WHAT IS NEEDED = Would you return the entries below exactly from the line containing "Plaster Bathroom Finishes" onward, ending with the final line and including it, and nothing else?

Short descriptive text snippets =
%%
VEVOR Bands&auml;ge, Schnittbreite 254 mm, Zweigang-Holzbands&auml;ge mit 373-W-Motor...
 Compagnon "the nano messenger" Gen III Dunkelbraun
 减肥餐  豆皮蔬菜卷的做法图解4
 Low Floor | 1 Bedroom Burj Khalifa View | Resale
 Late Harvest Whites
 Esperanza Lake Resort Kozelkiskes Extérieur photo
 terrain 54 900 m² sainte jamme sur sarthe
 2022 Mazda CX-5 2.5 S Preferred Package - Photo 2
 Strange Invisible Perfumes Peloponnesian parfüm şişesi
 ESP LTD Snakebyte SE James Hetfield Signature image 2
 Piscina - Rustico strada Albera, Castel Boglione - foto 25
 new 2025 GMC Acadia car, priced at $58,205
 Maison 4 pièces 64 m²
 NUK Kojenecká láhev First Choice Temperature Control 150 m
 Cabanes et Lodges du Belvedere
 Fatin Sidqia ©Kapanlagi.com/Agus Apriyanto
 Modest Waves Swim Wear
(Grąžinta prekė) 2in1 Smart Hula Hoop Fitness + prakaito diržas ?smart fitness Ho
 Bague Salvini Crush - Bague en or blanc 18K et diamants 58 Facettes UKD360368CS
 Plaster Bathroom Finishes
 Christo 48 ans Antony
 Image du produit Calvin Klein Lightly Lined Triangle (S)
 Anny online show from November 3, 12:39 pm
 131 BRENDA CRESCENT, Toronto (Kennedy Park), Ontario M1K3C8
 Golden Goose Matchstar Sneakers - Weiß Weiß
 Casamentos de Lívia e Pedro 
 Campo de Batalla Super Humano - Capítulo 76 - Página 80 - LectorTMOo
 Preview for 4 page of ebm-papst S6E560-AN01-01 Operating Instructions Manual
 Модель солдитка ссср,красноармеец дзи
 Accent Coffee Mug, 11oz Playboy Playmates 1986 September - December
%%
TASK OUTPUT =
 Plaster Bathroom Finishes
 Christo 48 ans Antony
 Image du produit Calvin Klein Lightly Lined Triangle (S)
 Anny online show from November 3, 12:39 pm
 131 BRENDA CRESCENT, Toronto (Kennedy Park), Ontario M1K3C8
 Golden Goose Matchstar Sneakers - Weiß Weiß
 Casamentos de Lívia e Pedro 
 Campo de Batalla Super Humano - Capítulo 76 - Página 80 - LectorTMOo
 Preview for 4 page of ebm-papst S6E560-AN01-01 Operating Instructions Manual
 Модель солдитка ссср,красноармеец дзи
 Accent Coffee Mug, 11oz Playboy Playmates 1986 September - December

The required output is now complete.